Ok so I got tired of all my fish dying in my tank so I converted it to a scorpion hang out. I have a under tank heat with a 60 watt ceramic heater for the main heating source. I have a beach sand substrate with some wood for cover and a lava rock for a hot spot. I have just gotten the heating set up for my main question is how important is the humidity? do emp scorpions need that high of a percent? Will it be ok on the sand?

Thanks


----------



## Piranha Guru (Nov 24, 2005)

Emps are a forest species and need a jungle type substrate and decent humidity. They like to dig!


----------



## dunkinuts (Aug 9, 2006)

BioTeAcH said:


> Emps are a forest species and need a jungle type substrate and decent humidity. They like to dig!


They could dig into the sand and I gave them cover. As for humidity 60-80%?


----------



## Piranha Guru (Nov 24, 2005)

dunkinuts said:


> Emps are a forest species and need a jungle type substrate and decent humidity. They like to dig!

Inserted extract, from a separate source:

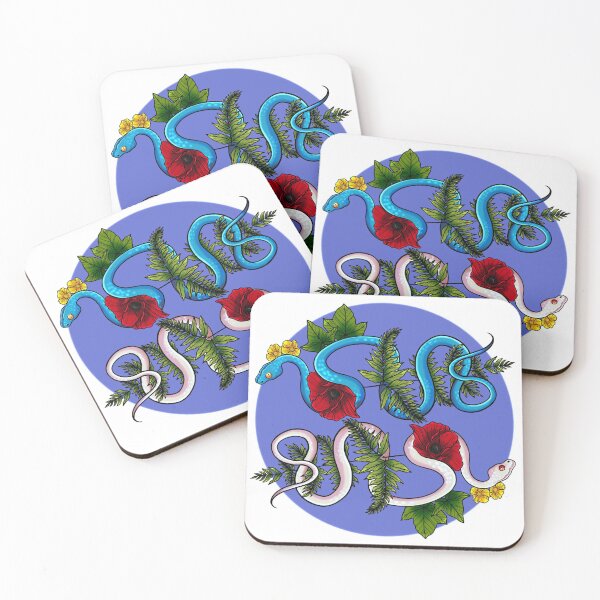 Item preview, God of Snakes designed and sold by Marcus Rubin.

They could dig into the sand and I gave them cover. As for humidity 60-80%?
[/quote]

Sand is not an advisable substrate for them...get a desert species if you want to use sand.


----------



## CLUSTER ONE (Aug 2, 2006)

i agree with bio,
compleatly redo the habitat
It is a common misconception that scoprs are all desert species. Some are, however alot are not

Thing you should have:
peatmoss (couple dollars at walmart or something)
cork bark or some other wood
mayby some live moss or plants

sand would also make maintaining humidity hard since they like it fairily humid.
a desert hairy would be good in that setup, however an emp will NOT.


----------



## SERRAPYGO (Feb 4, 2003)

sean-820 said:


> i agree with bio,
> compleatly redo the habitat
> It is a common misconception that scoprs are all desert species. Some are, however alot are not
> 
> ...


Agreed. The habitat is all wrong. For the benefit of the animal, do a little research before diving in. You don't have to be a pro...but, at least a headsup on care. It's not hard, especially if you're on the web.


----------



## Mettle (Dec 29, 2003)

Depending on the size of tank, that would be pretty cool for something like a baby bearded dragon.









But not an emperor scorpion... I too thought scorpions were all about the desert. But then someone I knew started showing me pics of their collection. And all the different woodland specimens they had were amazing. I had no idea that many came from wooded habitats.

It'll be impossible to maintain humidity in the setup you have.


----------